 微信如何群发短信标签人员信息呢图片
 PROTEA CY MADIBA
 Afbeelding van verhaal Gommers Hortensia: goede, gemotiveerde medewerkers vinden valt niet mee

## Task description:
Copy out the lines beginning at the one that contains "PROTEA CY MADIBA". Stop at the final line of the data, and include it.

## Response for this exercise:
 PROTEA CY MADIBA
 Afbeelding van verhaal Gommers Hortensia: goede, gemotiveerde medewerkers vinden valt niet mee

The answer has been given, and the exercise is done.